If the price of GPU training continues to drop at the present rate, then it would be possible to train a GPT-4 level LLM on a $3000 card in 10 years. The ability to run inference on it would come way sooner.

theLiminator · on July 11, 2023

The real moat is an abundance of high quality data.

JimmyRuska · on July 11, 2023

Well open AI raised eye brows by crawling the internet and using everyone's data to make a commercial product

One day some new startup will train on all of libgen and torrent networks, but it will be very hard to prove. You'll keep getting these gaps up in questionable morality and legality, and even openai will complain about playing fair

pas · on July 11, 2023

ThePile already contains some content from a torrent, and there's as lawsuit alleging that Meta has committed copyright infringement by using it.

https://www.theverge.com/2023/7/9/23788741/sarah-silverman-o...

why_only_15 · on July 11, 2023

Many people train on libgen/torrent in the form of books3 (e.g. LLaMa does this).

fragmede · on July 11, 2023

Google Classroom, teenager's essays, written by humans, for learning what it means to be human, and graded by humans, is a richer dataset than anything else I can think of that anyone else couldn't get their hands on.

londons_explore · on July 11, 2023

An awful lot of teachers can grade a 10 page essay in about 90 seconds...

Skim read it, mark out some grammar errors, assign it a grade based on the quality of the opening and closing paragraphs.

fragmede · on July 13, 2023

Yup, and they're doing it the whole country over, and putting that data in to Google Classrooms for Bard to know "this is C-grade work" and "this is A-grade work". Knowing what's deemed good and bad writing is where I'm thinking this dataset shines for training LLMs.

baq · on July 11, 2023

Yeah they have the internet from before LLMs were used for anything, so the data is not poisoned. Not unlike carbon dating becoming useless for estimating age of anything made after nuclear atmospheric tests, or low-background steel.

joiqj · on July 11, 2023

You talk as if humans weren't perfectly capable of coming up with nonsense.

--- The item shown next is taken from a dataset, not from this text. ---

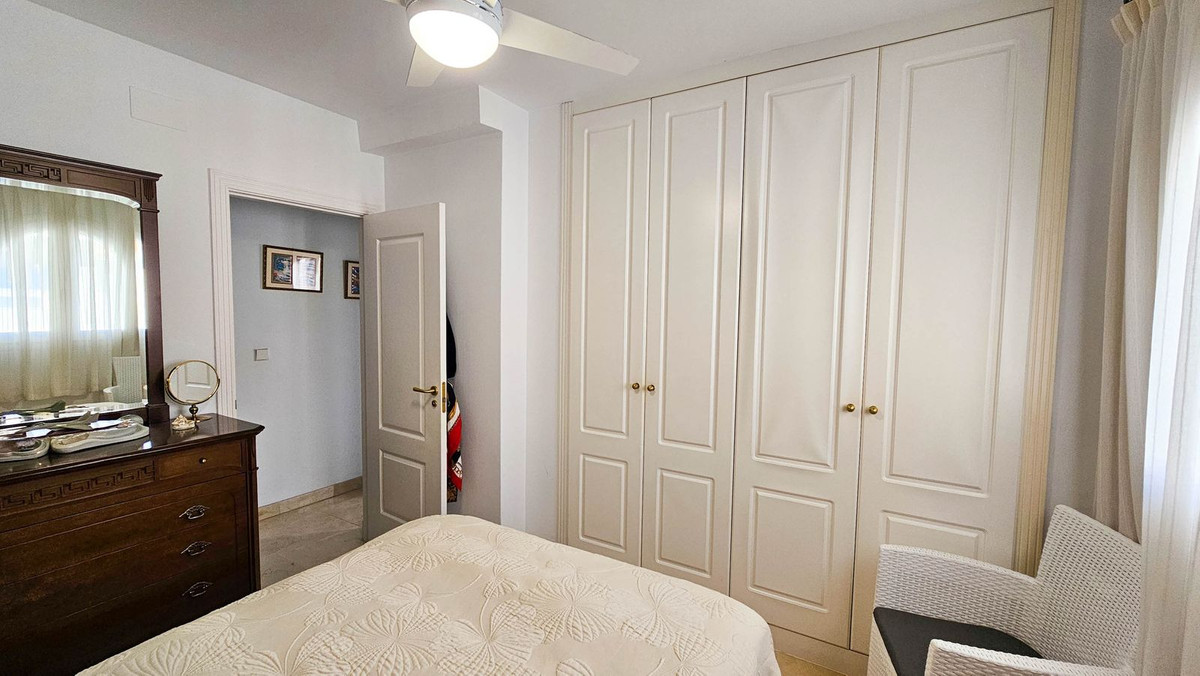 3 Bed, 2 Bath, ApartmentFor Sale, San Luis de Sabinillas, Malaga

Blogs upon blogs full of worthless pap that is there for SEO reasons have existed for like a decade already.

pixl97 · on July 11, 2023

And those blogs took a decade+ to make, and now in another year we'll make that much information again. Then it will be that much information in a month. Then that much pap in a day.

And in the past it was still a million people making that much crap. Now it's a single "entity" making that much crap with it's own style and mistakes.

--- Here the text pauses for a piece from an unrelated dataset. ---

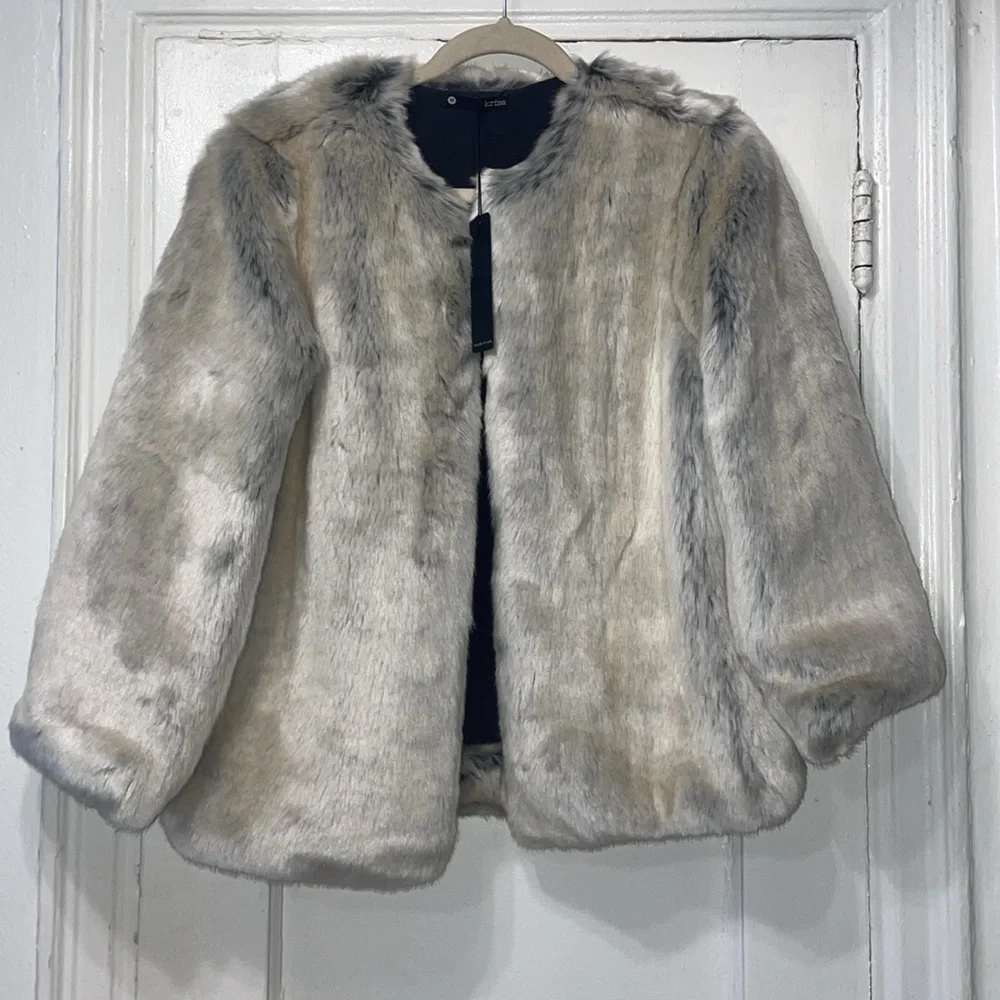 Krisa Camila Faux Fur Jacket in Glacial - Picture 2 of 6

quickthrower2 · on July 11, 2023

IMO the real moat right now is expertise / smart teams and cash.

hospitalJail · on July 11, 2023

The infrastructure/training libraries already exists. I'm sure you can get people who worked at scale that can figure out how to glue things together.

Reddit, twitter, etc.. raising prices is going to make it more expensive.

quickthrower2 · on July 11, 2023

If you are right then it just becomes who wants to throw the most cash in like a giant game of poker but where you don’t know the pot odds.

classified · on July 11, 2023

... stolen without regard for copyright and licensing.

pas · on July 11, 2023

Fair use!? /s

londons_explore · on July 11, 2023

> The google memo was right about the lack of a moat.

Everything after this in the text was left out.